Assigned task: Every line of the records that holds the word "Animal" should be copied.

--- Input for this task ---

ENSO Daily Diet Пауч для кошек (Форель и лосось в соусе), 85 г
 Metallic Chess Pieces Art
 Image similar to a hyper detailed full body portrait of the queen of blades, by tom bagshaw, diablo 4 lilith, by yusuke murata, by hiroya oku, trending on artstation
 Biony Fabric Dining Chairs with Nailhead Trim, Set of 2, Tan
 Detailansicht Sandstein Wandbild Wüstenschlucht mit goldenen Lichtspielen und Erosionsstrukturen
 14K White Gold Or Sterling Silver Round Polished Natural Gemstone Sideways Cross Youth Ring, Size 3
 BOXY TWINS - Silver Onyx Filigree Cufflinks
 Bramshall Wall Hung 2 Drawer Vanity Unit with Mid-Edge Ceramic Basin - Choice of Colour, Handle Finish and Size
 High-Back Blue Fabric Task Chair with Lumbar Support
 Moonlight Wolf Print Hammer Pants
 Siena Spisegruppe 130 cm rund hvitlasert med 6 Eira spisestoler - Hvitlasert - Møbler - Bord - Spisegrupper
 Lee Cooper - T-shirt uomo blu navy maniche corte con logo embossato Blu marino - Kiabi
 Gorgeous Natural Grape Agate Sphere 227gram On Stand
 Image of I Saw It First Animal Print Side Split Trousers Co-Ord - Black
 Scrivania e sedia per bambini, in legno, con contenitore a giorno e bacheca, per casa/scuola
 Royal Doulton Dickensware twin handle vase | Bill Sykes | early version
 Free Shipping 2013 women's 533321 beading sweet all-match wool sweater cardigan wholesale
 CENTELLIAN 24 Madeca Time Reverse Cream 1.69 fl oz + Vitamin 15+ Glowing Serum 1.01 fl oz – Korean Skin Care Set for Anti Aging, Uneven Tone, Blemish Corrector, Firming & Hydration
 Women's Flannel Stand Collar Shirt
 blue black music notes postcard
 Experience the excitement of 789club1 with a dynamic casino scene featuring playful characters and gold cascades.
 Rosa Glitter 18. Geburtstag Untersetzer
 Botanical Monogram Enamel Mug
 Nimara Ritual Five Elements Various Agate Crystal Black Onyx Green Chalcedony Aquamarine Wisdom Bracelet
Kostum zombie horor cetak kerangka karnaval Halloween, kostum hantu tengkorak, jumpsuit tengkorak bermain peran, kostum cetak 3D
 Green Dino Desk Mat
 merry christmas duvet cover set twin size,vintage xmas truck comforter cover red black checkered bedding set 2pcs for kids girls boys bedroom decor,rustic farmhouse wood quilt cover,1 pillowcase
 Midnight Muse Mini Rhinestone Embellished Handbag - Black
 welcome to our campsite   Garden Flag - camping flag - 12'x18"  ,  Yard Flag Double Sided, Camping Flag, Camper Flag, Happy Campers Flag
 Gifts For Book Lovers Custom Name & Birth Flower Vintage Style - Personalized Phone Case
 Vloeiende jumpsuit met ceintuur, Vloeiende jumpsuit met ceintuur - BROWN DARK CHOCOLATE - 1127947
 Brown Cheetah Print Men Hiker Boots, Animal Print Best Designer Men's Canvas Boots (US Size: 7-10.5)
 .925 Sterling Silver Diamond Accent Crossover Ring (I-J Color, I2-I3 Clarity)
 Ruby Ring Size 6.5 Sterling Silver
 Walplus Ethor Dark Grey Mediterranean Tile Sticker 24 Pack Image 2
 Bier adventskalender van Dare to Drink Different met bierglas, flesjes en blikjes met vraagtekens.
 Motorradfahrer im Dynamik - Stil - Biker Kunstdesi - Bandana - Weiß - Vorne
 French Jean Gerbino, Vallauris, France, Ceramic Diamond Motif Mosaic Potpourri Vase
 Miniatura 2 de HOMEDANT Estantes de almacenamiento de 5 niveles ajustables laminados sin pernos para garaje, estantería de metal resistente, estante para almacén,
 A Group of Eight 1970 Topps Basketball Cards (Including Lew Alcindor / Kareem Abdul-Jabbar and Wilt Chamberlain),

---

Completed exercise:
 Image of I Saw It First Animal Print Side Split Trousers Co-Ord - Black
 Brown Cheetah Print Men Hiker Boots, Animal Print Best Designer Men's Canvas Boots (US Size: 7-10.5)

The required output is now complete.